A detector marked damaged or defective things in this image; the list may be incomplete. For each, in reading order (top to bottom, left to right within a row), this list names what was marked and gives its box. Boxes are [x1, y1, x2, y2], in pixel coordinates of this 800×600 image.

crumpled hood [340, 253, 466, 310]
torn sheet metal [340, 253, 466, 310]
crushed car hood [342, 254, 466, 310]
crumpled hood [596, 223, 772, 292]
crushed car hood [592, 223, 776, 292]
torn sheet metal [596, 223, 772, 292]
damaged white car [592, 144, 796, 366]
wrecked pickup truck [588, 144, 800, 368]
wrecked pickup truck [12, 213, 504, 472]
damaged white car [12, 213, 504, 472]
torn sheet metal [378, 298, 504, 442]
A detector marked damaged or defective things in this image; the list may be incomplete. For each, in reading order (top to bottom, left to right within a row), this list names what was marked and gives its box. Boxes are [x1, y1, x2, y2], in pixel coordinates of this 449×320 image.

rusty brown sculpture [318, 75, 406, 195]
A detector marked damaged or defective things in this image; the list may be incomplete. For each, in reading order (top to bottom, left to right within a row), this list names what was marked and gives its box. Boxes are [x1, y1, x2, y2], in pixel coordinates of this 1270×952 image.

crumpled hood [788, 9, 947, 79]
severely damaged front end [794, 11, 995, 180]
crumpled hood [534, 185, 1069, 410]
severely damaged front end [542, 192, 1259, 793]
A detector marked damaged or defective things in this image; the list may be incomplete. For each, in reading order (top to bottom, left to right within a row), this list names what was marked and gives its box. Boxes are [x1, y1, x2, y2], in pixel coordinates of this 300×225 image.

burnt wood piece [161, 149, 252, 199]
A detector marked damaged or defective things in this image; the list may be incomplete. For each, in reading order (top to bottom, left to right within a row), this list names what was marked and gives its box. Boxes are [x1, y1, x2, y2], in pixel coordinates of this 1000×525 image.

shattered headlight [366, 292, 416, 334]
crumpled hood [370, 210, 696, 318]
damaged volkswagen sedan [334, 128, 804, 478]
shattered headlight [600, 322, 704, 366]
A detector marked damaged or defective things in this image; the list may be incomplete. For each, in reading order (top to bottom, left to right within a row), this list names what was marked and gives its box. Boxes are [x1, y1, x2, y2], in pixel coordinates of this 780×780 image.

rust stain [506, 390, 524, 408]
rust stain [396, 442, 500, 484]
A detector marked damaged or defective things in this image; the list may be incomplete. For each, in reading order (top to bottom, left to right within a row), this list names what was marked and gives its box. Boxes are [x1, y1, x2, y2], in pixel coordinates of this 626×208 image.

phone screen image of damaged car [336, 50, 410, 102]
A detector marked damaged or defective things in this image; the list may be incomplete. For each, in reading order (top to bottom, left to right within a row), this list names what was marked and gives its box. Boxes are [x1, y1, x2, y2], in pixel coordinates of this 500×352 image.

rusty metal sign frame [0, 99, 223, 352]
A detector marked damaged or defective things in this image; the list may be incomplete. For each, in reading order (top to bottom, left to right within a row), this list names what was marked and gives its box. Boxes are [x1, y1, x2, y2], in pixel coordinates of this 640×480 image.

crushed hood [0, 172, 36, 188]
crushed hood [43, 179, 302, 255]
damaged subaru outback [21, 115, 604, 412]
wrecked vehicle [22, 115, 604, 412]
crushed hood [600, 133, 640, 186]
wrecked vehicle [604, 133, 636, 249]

• **WHAT YOU NEED TO DO**:
Exact copies of the line with "this 500×352 image." and of every later line in the entries make up the whole answer.

• **OUTPUT FOR THIS TASK**:
A detector marked damaged or defective things in this image; the list may be incomplete. For each, in reading order (top to bottom, left to right within a row), this list names what was marked and gives its box. Boxes are [x1, y1, x2, y2], in pixel coordinates of this 500×352 image.

rusty metal sign frame [0, 99, 223, 352]
A detector marked damaged or defective things in this image; the list may be incomplete. For each, in reading order (top to bottom, left to right within a row), this list names what was marked and gives its box. Boxes are [x1, y1, x2, y2], in pixel coordinates of this 640×480 image.

crushed hood [0, 172, 36, 188]
crushed hood [43, 179, 302, 255]
damaged subaru outback [21, 115, 604, 412]
wrecked vehicle [22, 115, 604, 412]
crushed hood [600, 133, 640, 186]
wrecked vehicle [604, 133, 636, 249]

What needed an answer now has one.